CSWC borrows through its $510 million credit facility, SBIC licenses, and $350 million in unsecured notes at 5.95%, then lends at a weighted average yield of 11.3%. The spread between borrowing costs and lending income funds the dividend. Because it is internally managed (no external management fee), more of that spread flows to shareholders. Plus, operating expenses run just 1.7% of average assets.
Where CSWC diverges from the BDC crowd is sector exposure. While many large BDCs have loaded up on software and tech-enabled services, CSWC focuses on lower middle market industrials, manufacturing, and essential service businesses. These are companies making physical products and providing tangible services, far less vulnerable to the AI disruption fears currently pressuring private credit markets.
The Income Machine Delivers, With a Caveat
CSWC pays a monthly regular dividend of $0.1934 per share plus a quarterly supplemental of $0.06, totaling $0.64 per quarter. At shares around $23, that works out to roughly an 11% annualized yield. The regular dividend is covered by net investment income at 104%. It is a thin but positive margin. The supplemental relies on a $1.02 per share undistributed taxable income buffer, which provides roughly four years of supplemental coverage at the current pace.

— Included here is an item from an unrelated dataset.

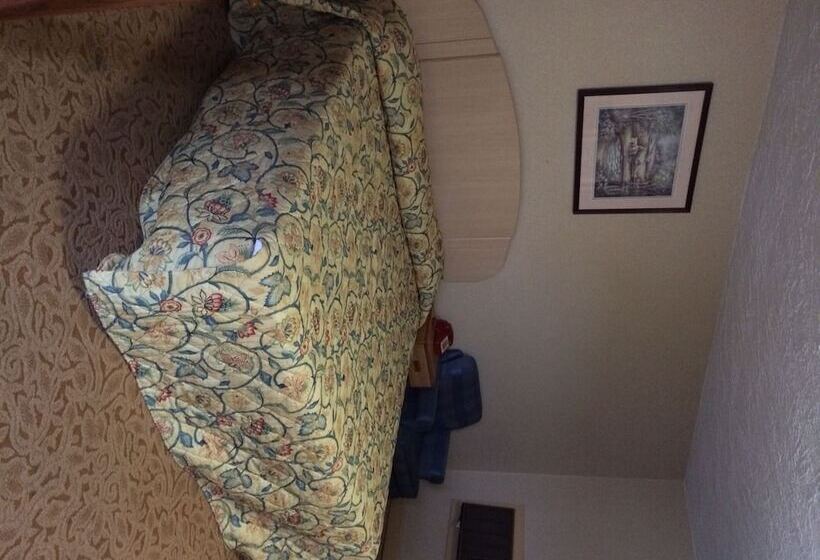 בית מלון כפרי Budget Inn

Moreover, revenue growth has been strong: 49% year-over-year in Q3 FY26, driven by aggressive originations of $244 million across 24 portfolio companies. CEO Michael Sarner noted on the Q3 call: “Our portfolio continued to generate significant income for our shareholders, producing $0.60 of pre-tax net investment income per share.”
The company also formed a joint venture with another private credit manager to invest off-balance sheet in first-out senior secured debt, expanding deal capacity without adding leverage.
Three Risks That Could Erode the Thesis
- Falling rates compress income fast. With 95% of the portfolio in floating-rate loans, CSWC’s income moves in lockstep with the Fed. A 75 basis point decline in base rates would reduce annual NII by roughly $0.19 per share, enough to push regular dividend coverage below 100%. The weighted average portfolio yield has already compressed from 11.8% to 11.3% over three quarters.
- Non-accruals are trending in the wrong direction. Problem loans have risen from 0.8% in Q1 FY26 to 1.5% in Q3 FY26. Still low in absolute terms, but a near-doubling over three quarters in a benign economy warrants scrutiny, especially with tariff uncertainty pressuring some industrial borrowers.
- The NAV premium leaves little margin for error. CSWC trades at roughly 138% of book value. That premium reflects the market’s confidence in management and the internally managed structure, but any dividend cut or credit deterioration would likely trigger a sharp repricing toward NAV of $16.75 per share.
Where CSWC Fits in a Portfolio
Capital Southwest’s internally managed structure, first lien focus, and conservative 0.82x corporate leverage distinguish it from most BDC peers. Analysts see modest upside, with a consensus target around $24.
The floating rate dependency means the dividend math gets tight quickly if two or more additional rate cuts materialize, a risk worth weighing against the 11% yield and industrial-economy focus.